A Brief History of Plus-Size Lingerie

Plus-size lingerie as a named category traces back to 1904, when Lane Bryant began selling clothing for fuller figures in New York. For most of the twentieth century, the plus-size intimate market was treated as a corrective afterthought rather than a design category in its own right. Cacique launched as a plus-size lingerie brand in the 1990s. The major shift happened in 2018, when Savage X Fenty launched with a size range from XS to 4XL across every product from day one. That moment changed industry expectations for what plus-size representation looks like at scale. For the full timeline, see our history of plus-size lingerie.

How to Evaluate Plus-Size Lingerie Before You Buy

Five questions answer most evaluation decisions:

  1. What is the size range? A brand that runs S to 5XL on every product is more credible than one that lists 5XL only on a handful of pieces.
  2. Is the construction adapted? Wider straps, multi-hook closures, reinforced bands, and proper gusset depth are the visible signs of plus-size engineering.
  3. What sizing system is used? Brands that publish a size chart with multiple body measurements (bust, underbust, waist, hip) take fit seriously. Brands that publish only S/M/L equivalents do not.
  4. How is the brand staffed? Plus-size design teams, plus-size fit models, and plus-size representation in marketing all signal that the brand designs from the body, not for it.
  5. What is the return policy? A brand that is confident in its fit makes returns and exchanges easy.

Where to Go Next

Pick the sub-tree that matches your question:

Frequently Asked Questions

What size is considered plus-size lingerie?

In the United States the conventional threshold is dress size 14 and above. In bra sizing, plus-size construction typically begins at band 38 combined with a D cup or larger. The Scarlett Club builds across sizes S through 5XL with bra bands from 32 to 48.

Is plus-size lingerie just larger straight-size lingerie?

No. Real plus-size lingerie is engineered for fuller figures from the pattern stage. The differences include wider underbands, padded multi-strap construction, multi-hook closures, deeper gussets in panties, and reinforced support in cup construction. Scaled-up straight-size patterns fail in predictable ways at plus sizes.

What is the difference between plus-size lingerie and shapewear?

Lingerie supports and frames the body. Shapewear compresses and reshapes the body. Both are valid garment categories with different purposes. Some shapewear is marketed alongside lingerie, but they serve different goals.

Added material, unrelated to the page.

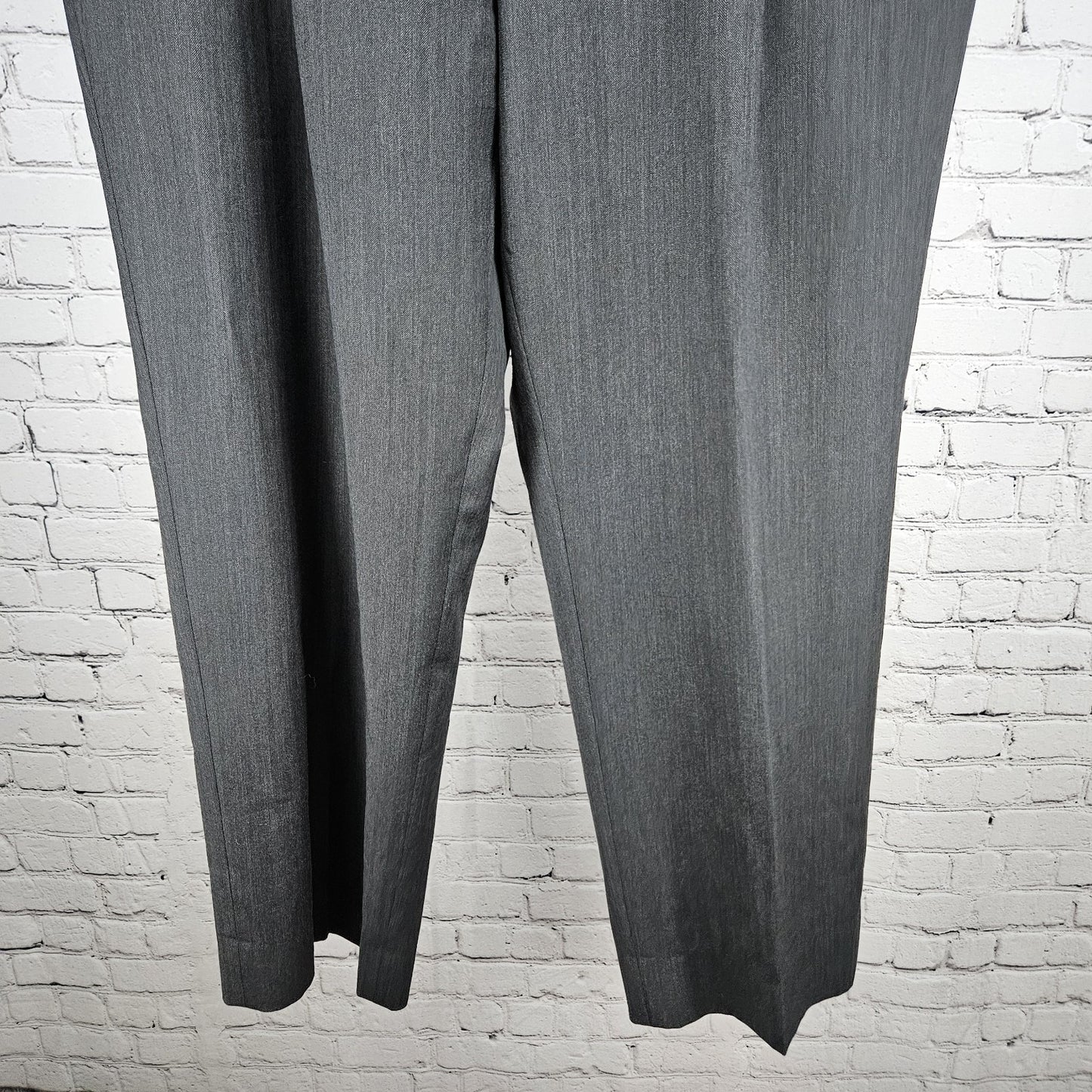 Jos A Bank Grey 100% Wool Flat Front Straight Leg Dress Pants 39R (39x28)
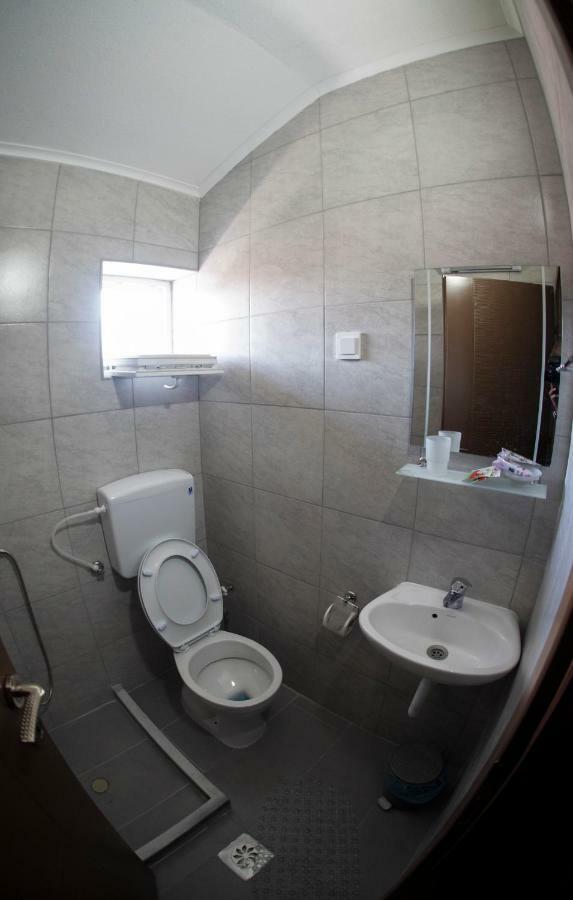 Dionis Rooms & Apartments Prilep Extérieur photo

Where does plus-size start in bra sizing?

The technical answer depends on the brand. The most common industry threshold for plus-size bra construction is band 38 and above. Some brands begin plus-size engineering at band 36, particularly when paired with a D cup or larger.

How is plus-size lingerie sized differently from straight-size lingerie?

Beyond the obvious larger numbers, plus-size lingerie uses different proportional ratios. The bust-to-waist ratio is different, the hip-to-waist ratio is different, the cup volume per band increment is different, and the gusset width on panties is wider. These are pattern-stage engineering differences, not just larger versions of the same shape.